— Exercise —
Repeat the records below exactly, from the first line through the line containing "Best Western Colonel Butler Inn", and leave out any pictures.

--- Provided information Enclosed Below ---

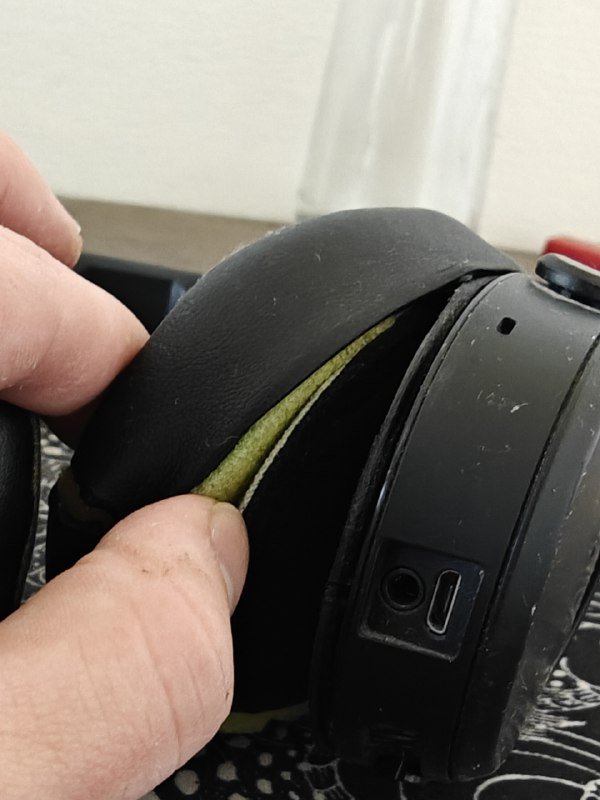 Наушники skullcandy crusher wireless 3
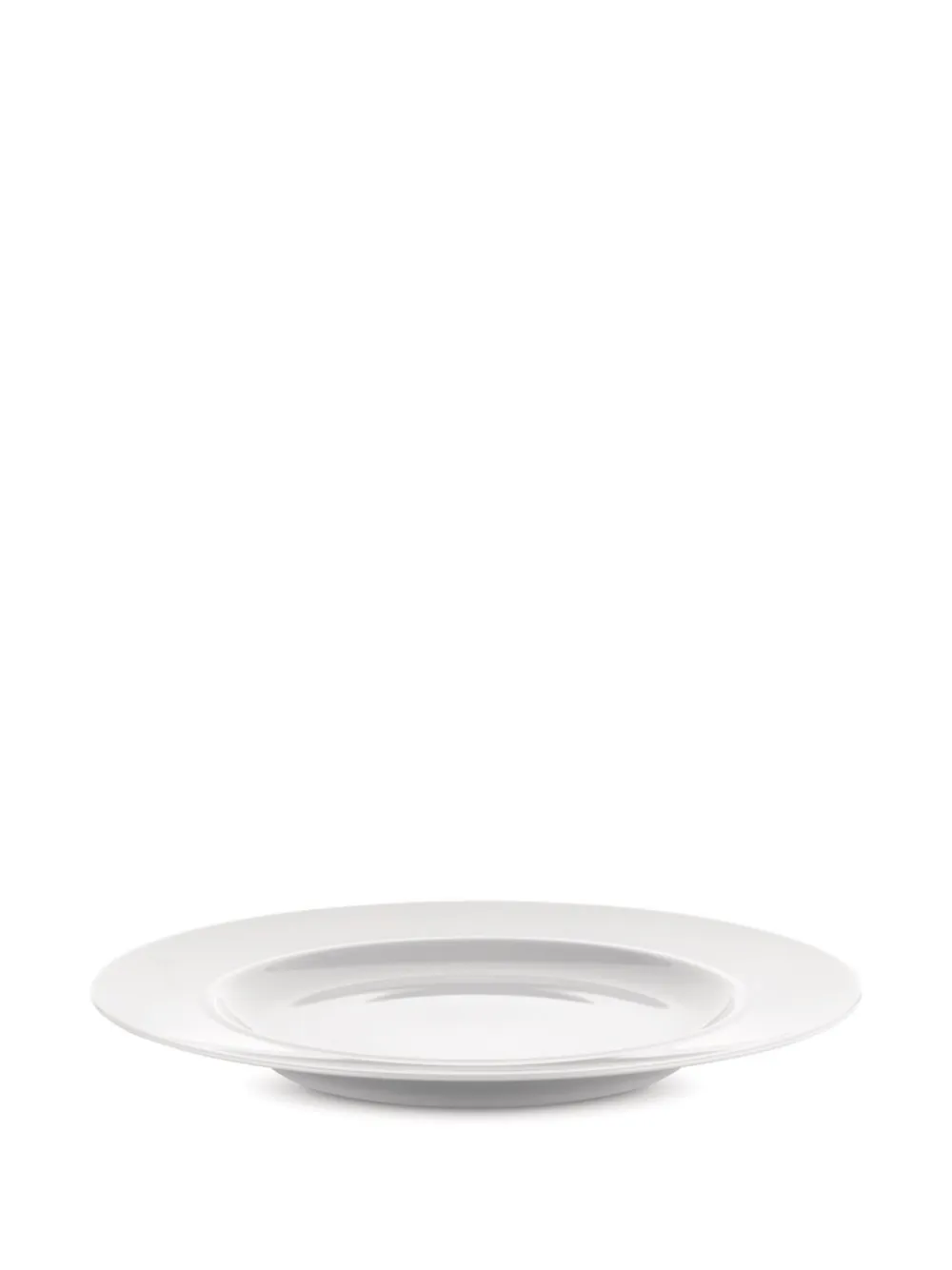 Alessi Piatti La Bella Tavola (4 pezzi) - Bianco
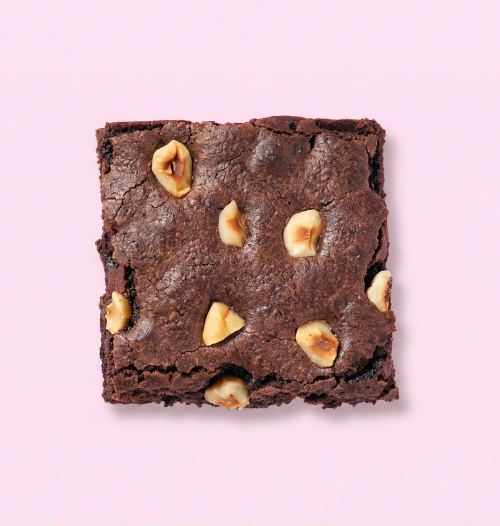 Hazelnut Caramel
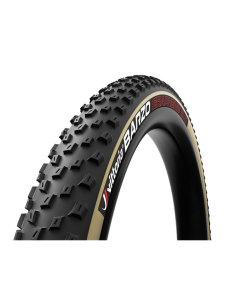 Däck Vittoria Barzo G2 Vikbart, 29x2.25 Svart/brun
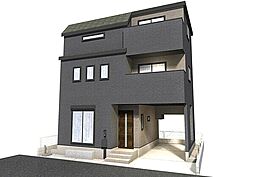 【オープンハウスグループ】ミラスモシリーズ蕨市南町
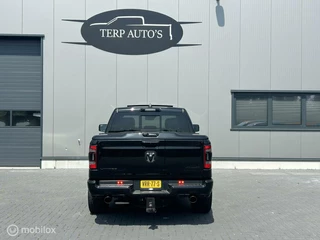 Dodge Ram 1500 Dodge Ram 1500 5.7 V8 4x4 Crew Cab Limited 2022 - afbeelding nr 5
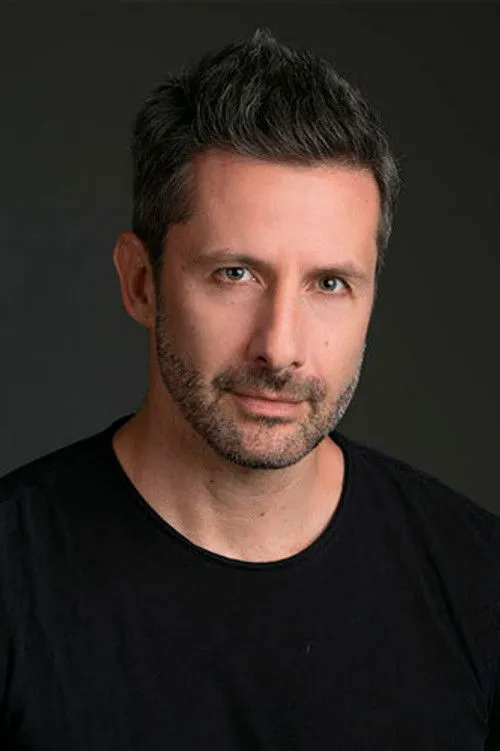 Photo of Marco Zunino
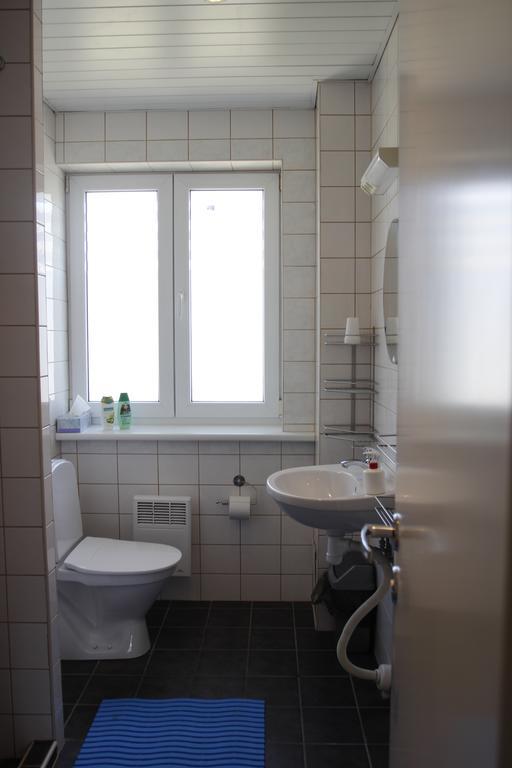 Villa Marleen Pärnu Eksteriør billede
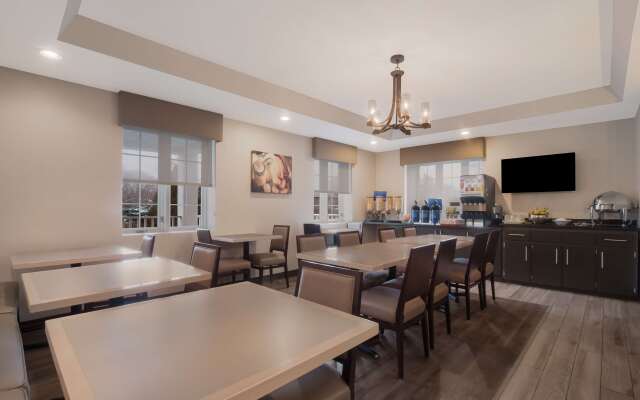 Best Western Colonel Butler Inn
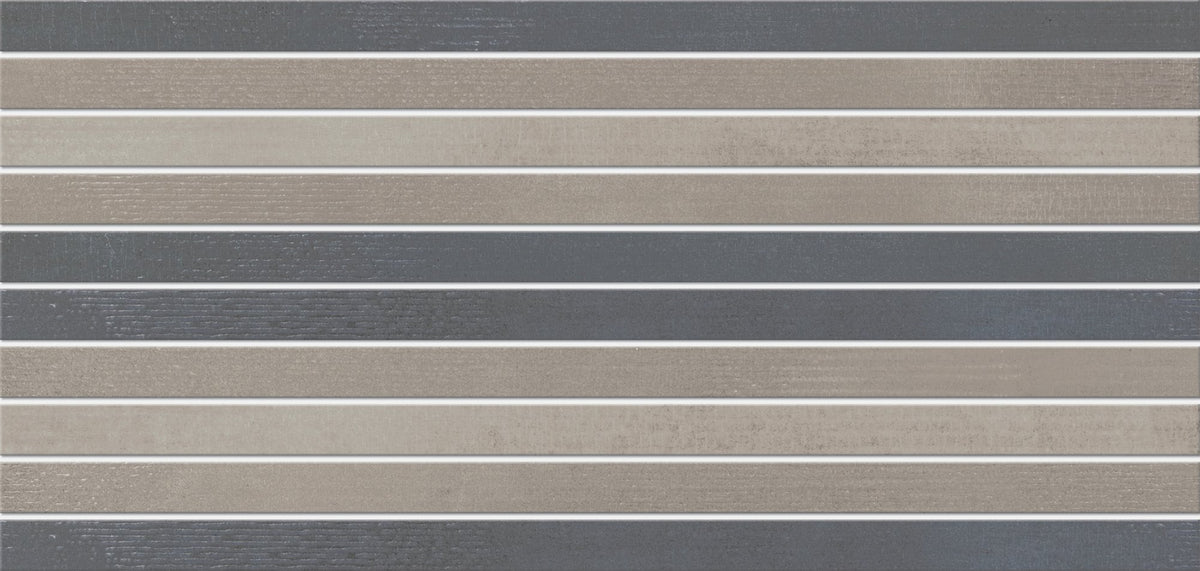 Marazzi Illusionist Mystifying, Stacked, 1X24, Matte | SKU IL51STK124MSMT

--- End of Enclosed Provided information ---

— Answer to the exercise —
 Наушники skullcandy crusher wireless 3
 Alessi Piatti La Bella Tavola (4 pezzi) - Bianco
 Hazelnut Caramel
 Däck Vittoria Barzo G2 Vikbart, 29x2.25 Svart/brun
 【オープンハウスグループ】ミラスモシリーズ蕨市南町
 Dodge Ram 1500 Dodge Ram 1500 5.7 V8 4x4 Crew Cab Limited 2022 - afbeelding nr 5
 Photo of Marco Zunino
 Villa Marleen Pärnu Eksteriør billede
 Best Western Colonel Butler Inn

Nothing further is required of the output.